Dave Radford‘s piece What Would God Say to Your Anxiety? did strike a chord for me this morning. He reminds of the importance of perspective. That said, I know how hard reclaiming perspective in the midst of panic requires incredible resolve and clarity. Hard in panic. Still, if you can, reading his counsel might prove helpful.

[One caution: He seemed to be preaching to himself when he used the expression “navel-gazing”. I have not seen much navel-gazing in loved ones in the grip of anxiety or panic. Fixation on trying to get your breath or warring against destroying thoughts is NOT navel-gazing. So except for that…wise counsel:]

  • Look Behind You

When it comes to hope in the midst of struggle, God calls us to be a remembering people. If you spend even fifteen seconds gazing into your own past, it will begin to sparkle with ten thousand mercies reflecting off the waves of those memories (Lamentations 3:22). The sea of past grace dwells here, and welcomes us to come and drink, and remember as often as we need to.Photo Credit: Kate Nasser, Twitter

  • Look Before You

“Now faith is the assurance of things hoped for” (Hebrews 11:1). Though we can only see it “in a mirror dimly” (1 Corinthians 13:12), our future is, to put it very mildly, mind-blowing. We may not have every detail, but we have more than enough here from which to draw joy and confidence for today.

  • Look Back Down to Your Life Now

Look back to your life now. See your current set of troubles through past and future lenses, and add these other promises to the mix. This is what Scripture says is true of you now. Inside of you is “a spring of water welling up to eternal life” (John 4:14). The power that raised Christ from the dead is at work in your being (Ephesians 1:19–20). You have the fruit of the Spirit (Galatians 5:22–23). You cannot lose your standing with God. You are an adopted son or daughter of the King (Galatians 4:5–6). God’s lavish grace has been measured out for you according to God’s infinite wisdom, in just the right proportion and scheduled perfectly to meet your exact needs, whatever they may be (Matthew 6:33–34). God is weaving all things together for your greatest good, and equipping you with all that you need to accomplish his will (Romans 8:28; Philippians 4:19).*

*Dave RadfordWhat Would God Say to Your Anxiety?

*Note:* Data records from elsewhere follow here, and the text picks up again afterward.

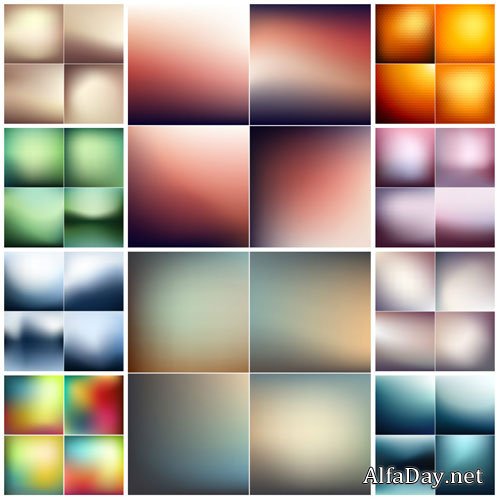 ��������� ��������� ����� ��������� ��������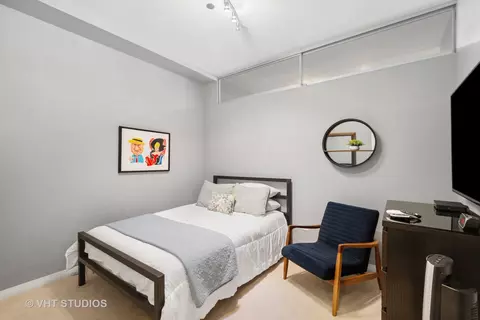 65 E Monroe St #4115, Chicago, IL 60603 photo 10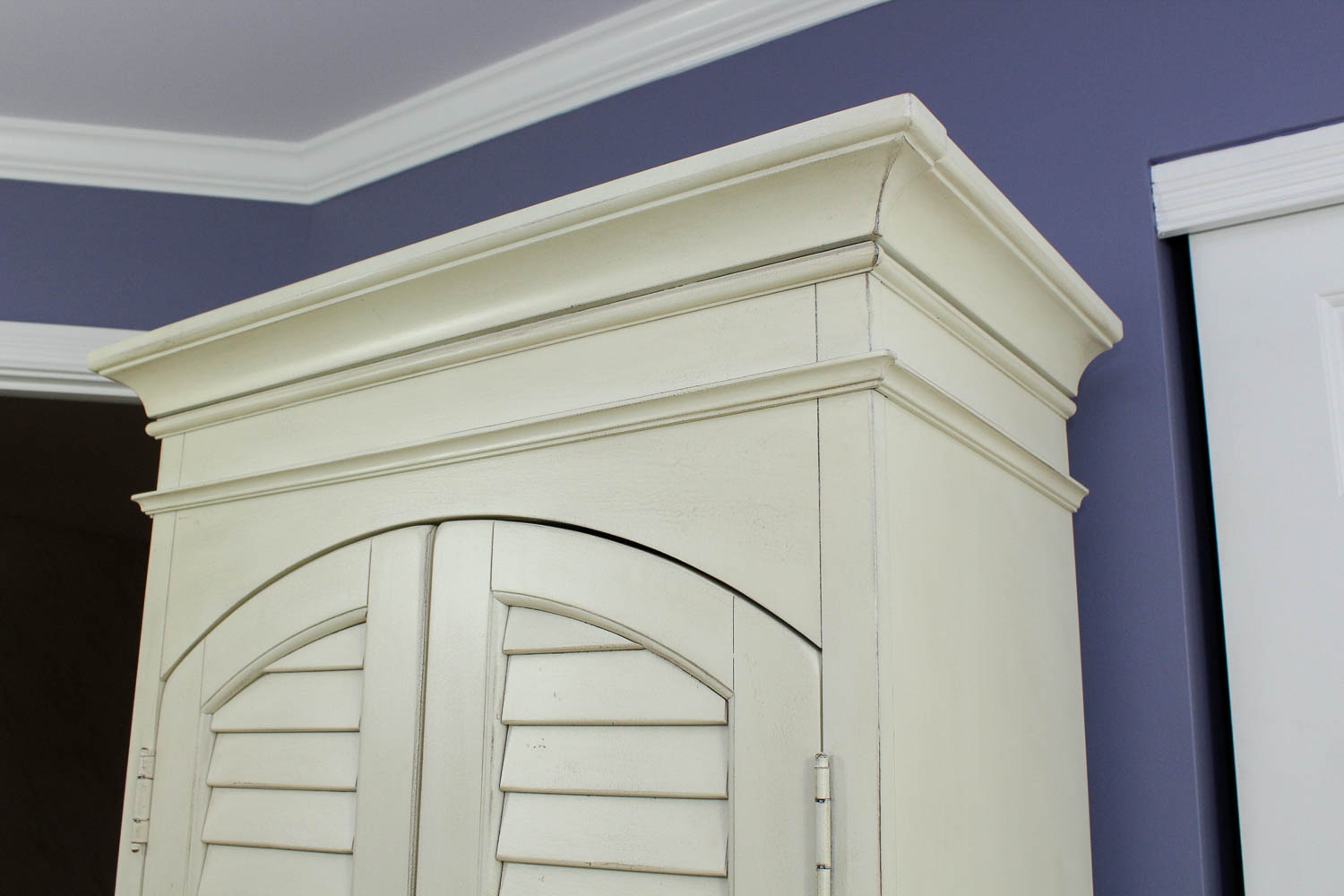 Paula Deen Home Country Style Wardrobe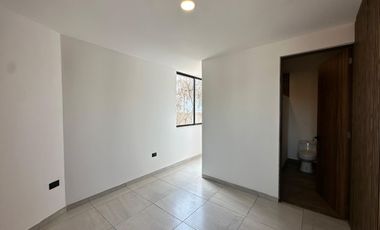 CASA EN VENTA EN SAN PEDRO CHOLULA ZONA SAN DIEGO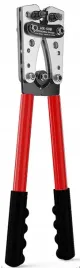 zaciskarka-przewodow-kabli-hx-50b-6-mm-50-mm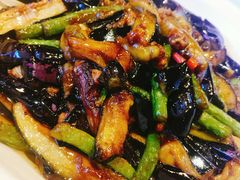 -小时候2013(瀚新店)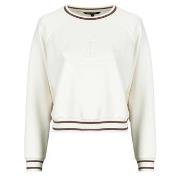 Svetari Armani Exchange  XW002072  EU S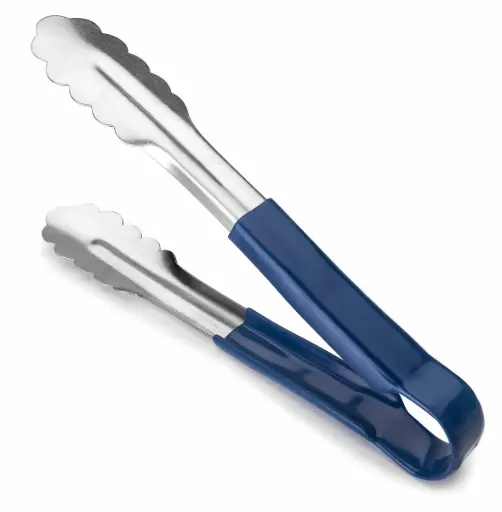 [63072] Pinza Karu Azul 30 Cm.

Anciety, Perspective, Sacha ChuaPhoto Credit: Sacha Chua, Flickr

Worship with me, if you can, to a song written by Dave Radford.

If I took all that I got
And spread it out on this table
It might not seem like a lot
A once glimmering joy
Slowly fading from view
All the change in my pockets, not enough
And this picture of you
Still I’ve heard all that I have
In the moment is hardly a sign
Of everything coming my way
I believe when I need it, it will be mine

So let’s take this slowly
All I need is coming
But it’s just beyond what I can see
So if my eyes press forward in fierce alarm
Just turn my head back to see
To see how we got this far
And I’ll be alright

I’m not asking for mountains of riches
No silver or gold
Don’t need fame or fancier things
I can’t take when I go
I’m just asking for grace
Grace to carry on
Grace to take joy at my place at the table
And the rock that it’s standing on
Still I’ve heard all that I have
In a moment is hardly a sign
Of everything coming my way
I believe when I need it, it will be mine

So let’s take this slowly
All I need is coming
But it’s just beyond what I can see
So if my eyes press forward in fierce alarm
Just turn my head back to see
To see how we got this far
And I’ll be alright

And even when I’m broke down
Even when what I’ve got now
Is falling faster down beneath the cracks
And I don’t know when it’s coming back around
Even then I’ll be calling out louder
Loud enough to wake ’em up
Believing I believe I will see it done
I believe what I will hold
What I hold will be enough
Will be enough

So let’s take this slowly
All I need is coming
But it’s just beyond what I can see
So if my eyes press forward in fierce alarm
Just turn my head back to see
To see how we got, got this far
And I’ll be alright
It’s gonna be alright
It’s gonna be alright
It’s gonna be alright**

Praying peace and joy for those struggling with anxiety today…knowing it’s not a simple thing.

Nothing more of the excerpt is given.